Karena waktu itu sarana komunikasi seluler tidak berfungsi akibat robohnya banyak tiang pemancar sinyal, informasi hanya bisa disimak melalui radio dan televisi. Akan tetapi, karena gempa baru saja terjadi, tidak banyak yang kami tahu, setidaknya sampai jam makan siang.
Setelah makan siang, kami (para mahasiswa dan calon pastor) mendapat permintaan dari RS Panti Rapih untuk jadi relawan. Dalam hati saya mulai merasa ada sesuatu yang tidak baik. Benar saja, saat tiba di RS Panti Rapih yang tak jauh dari kawasan UGM, saya melihat pemandangan yang membuat sedih.
Seluruh ruangan dan lorong RS penuh dengan pasien dan korban gempa. Saya menjumpai para korban lindu yang baru saja diselamatkan dari reruntuhan rumah mereka.
Sepasang suami-istri saya ajak ngobrol. Pada tubuh mereka masih ada debu batu bata rumah yang hancur. Sang istri tampak tidak terluka parah, namun sang suami penuh luka akibat terkubur reruntuhan rumah.
"Cepat sekali kejadiannya, Mas. Tembok rumah runtuh menimpa suami saya," tutur sang istri pada saya. "Tolong kami, Mas. Kami tidak punya apa-apa lagi," pintanya.
Segera saya katakan bahwa mereka sebaiknya tetap tenang. Saya katakan juga bahwa pakdhe (paman) saya yang bekerja di rumah sakit itu bisa dihubungi jika ada kesulitan.
Isu Tsunami
Mungkin karena teringat akan berita gempa dan tsunami yang melanda Aceh, warga Bantul segera menyelamatkan diri ke arah utara. Akibatnya, penumpukan kendaraan dan orang terjadi di jalan-jalan.

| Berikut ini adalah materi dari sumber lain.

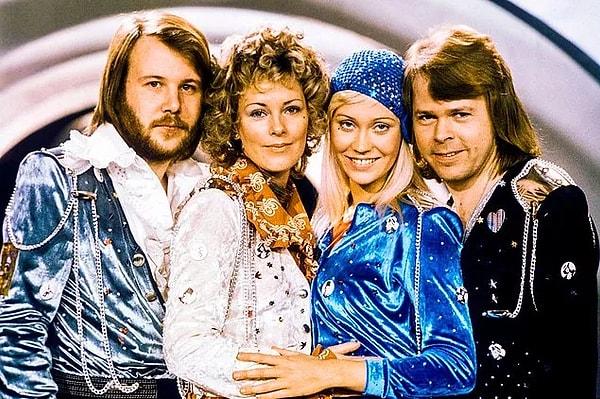 Pinner'a her gün tekrar tekrar ABBA ve Metal grubu Slipknot'ın parçaları dinletilmiş. Bu süre zarfında ise belirlenen saatler dışında uyuya kalması halinde dövülerek uyandırılmış.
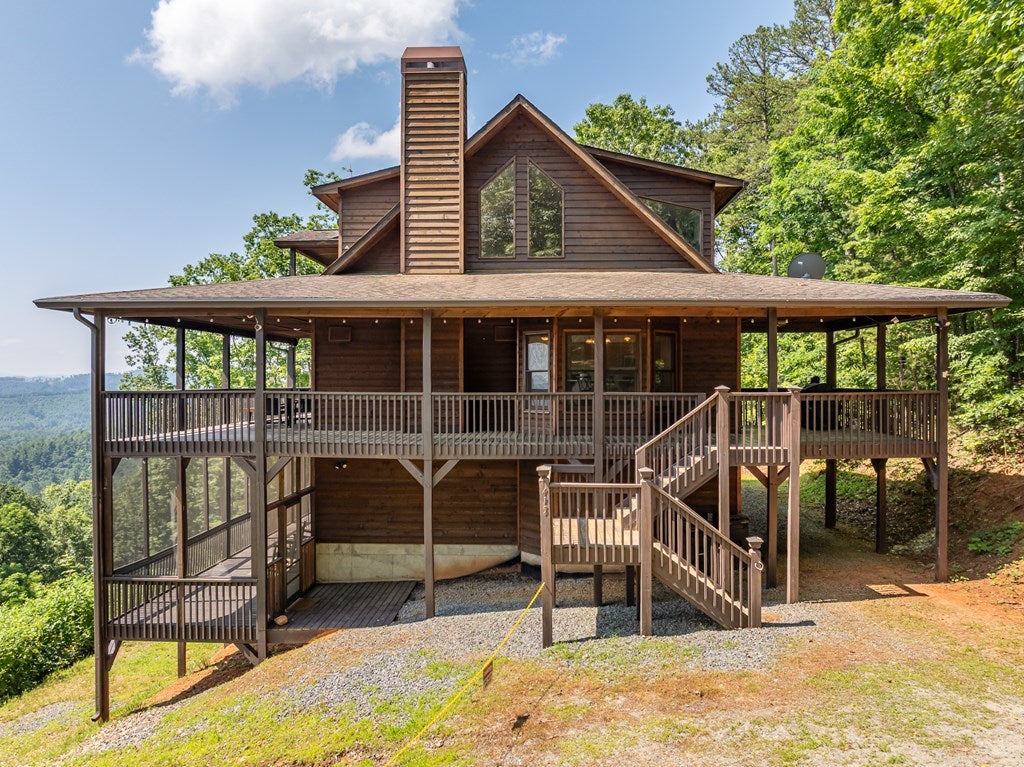 Murphy, North Carolina, 28096, United States, 4 Bedrooms Bedrooms, ,4 BathroomsBathrooms,Residential,For Sale,1871298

Ini juga yang mengakibatkan kendala dalam penyelamatan korban, terutama yang sangat membutuhkan pertolongan sesegera mungkin.Â
Isu tsunami sepertinya juga muncul akibat orang salah menafsirkan kejadian bocornya pipa air di sejumlah lokasi. Orang jadi panik. Bahkan, saya dengar ada sejumlah kecelakaan yang terjadi karena orang ngebut seakan dikejar gelombang tsunami dari belakang.